I have read about astounding performance gains that can be gained from vectorizing python code, but I don't particularly understand how to do it or how it could be used here. I would like to know how I can vectorize this code to speed it up, and any other performance suggestions are welcome.
Current fastest version for just python and stdlibs:
from itertools import chain, repeat
def untimed_countsort(unsorted_list):
counts = {}
for num in unsorted_list:
try:
counts[num] += 1
except KeyError:
counts[num] = 1
sorted_list = list(
chain.from_iterable(
repeat(num, counts[num])
for num in xrange(min(counts), max(counts) + 1)))
return sorted_list
All that counts is raw speed here, so sacrificing even more space for speed gains is completely fair game.

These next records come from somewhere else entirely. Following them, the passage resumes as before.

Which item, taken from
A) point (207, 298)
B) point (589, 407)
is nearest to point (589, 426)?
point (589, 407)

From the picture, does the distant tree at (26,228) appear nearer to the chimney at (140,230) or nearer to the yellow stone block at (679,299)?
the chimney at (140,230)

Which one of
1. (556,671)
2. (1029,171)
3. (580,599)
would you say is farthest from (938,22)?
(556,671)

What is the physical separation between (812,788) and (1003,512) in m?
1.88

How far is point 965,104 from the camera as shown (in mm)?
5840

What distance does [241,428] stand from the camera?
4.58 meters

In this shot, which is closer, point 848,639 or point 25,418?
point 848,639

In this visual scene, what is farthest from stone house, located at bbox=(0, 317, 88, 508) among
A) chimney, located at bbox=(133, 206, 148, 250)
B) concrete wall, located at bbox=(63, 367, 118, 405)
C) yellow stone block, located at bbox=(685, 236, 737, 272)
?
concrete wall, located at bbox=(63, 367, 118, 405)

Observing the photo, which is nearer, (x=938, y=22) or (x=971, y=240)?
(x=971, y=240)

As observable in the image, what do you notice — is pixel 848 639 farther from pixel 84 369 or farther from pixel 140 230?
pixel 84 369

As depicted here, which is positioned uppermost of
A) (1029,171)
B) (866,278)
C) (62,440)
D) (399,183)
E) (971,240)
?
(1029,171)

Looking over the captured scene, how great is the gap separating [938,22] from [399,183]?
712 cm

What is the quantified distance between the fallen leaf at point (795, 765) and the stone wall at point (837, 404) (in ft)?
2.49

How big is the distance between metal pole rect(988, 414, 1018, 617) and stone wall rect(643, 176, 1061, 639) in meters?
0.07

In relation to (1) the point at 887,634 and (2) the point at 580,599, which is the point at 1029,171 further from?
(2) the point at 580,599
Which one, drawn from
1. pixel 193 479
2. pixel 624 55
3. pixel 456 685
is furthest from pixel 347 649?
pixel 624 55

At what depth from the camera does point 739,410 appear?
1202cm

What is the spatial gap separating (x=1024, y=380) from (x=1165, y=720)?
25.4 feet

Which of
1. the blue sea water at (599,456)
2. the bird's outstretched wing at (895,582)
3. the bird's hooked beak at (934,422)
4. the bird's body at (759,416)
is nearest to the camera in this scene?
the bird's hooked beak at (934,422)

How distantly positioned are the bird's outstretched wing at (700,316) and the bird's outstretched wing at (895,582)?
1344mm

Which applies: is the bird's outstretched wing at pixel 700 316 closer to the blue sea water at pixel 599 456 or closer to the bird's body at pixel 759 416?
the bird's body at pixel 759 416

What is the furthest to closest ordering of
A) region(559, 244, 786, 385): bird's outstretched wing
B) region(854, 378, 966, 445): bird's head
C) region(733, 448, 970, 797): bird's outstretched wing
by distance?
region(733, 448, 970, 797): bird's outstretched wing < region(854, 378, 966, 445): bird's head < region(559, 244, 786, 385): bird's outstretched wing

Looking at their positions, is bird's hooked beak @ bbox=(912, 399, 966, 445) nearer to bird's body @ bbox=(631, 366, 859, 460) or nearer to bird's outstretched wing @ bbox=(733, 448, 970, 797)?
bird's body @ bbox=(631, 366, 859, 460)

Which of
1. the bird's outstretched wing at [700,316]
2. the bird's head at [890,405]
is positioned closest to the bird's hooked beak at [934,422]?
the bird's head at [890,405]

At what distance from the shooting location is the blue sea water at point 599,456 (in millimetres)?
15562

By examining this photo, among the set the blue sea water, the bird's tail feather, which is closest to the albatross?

I realize the code is fairly short and clear already, so I don't know how much room there is for improvement in speed.
If anyone has a change to the code to make it shorter, as long as it doesn't make it slower, that would be awesome as well.
Execution time is down almost 80%! Now three times as fast as Timsort on my current tests!
The absolute fastest way to do this by a LONG shot is using this one-liner with numpy:
def np_sort(unsorted_np_array):
return numpy.repeat(numpy.arange(1+unsorted_np_array.max()), numpy.bincount(unsorted_np_array))
This runs about 10-15 times faster than the pure python version, and about 40 times faster than Timsort. It takes a numpy array in and outputs a numpy array.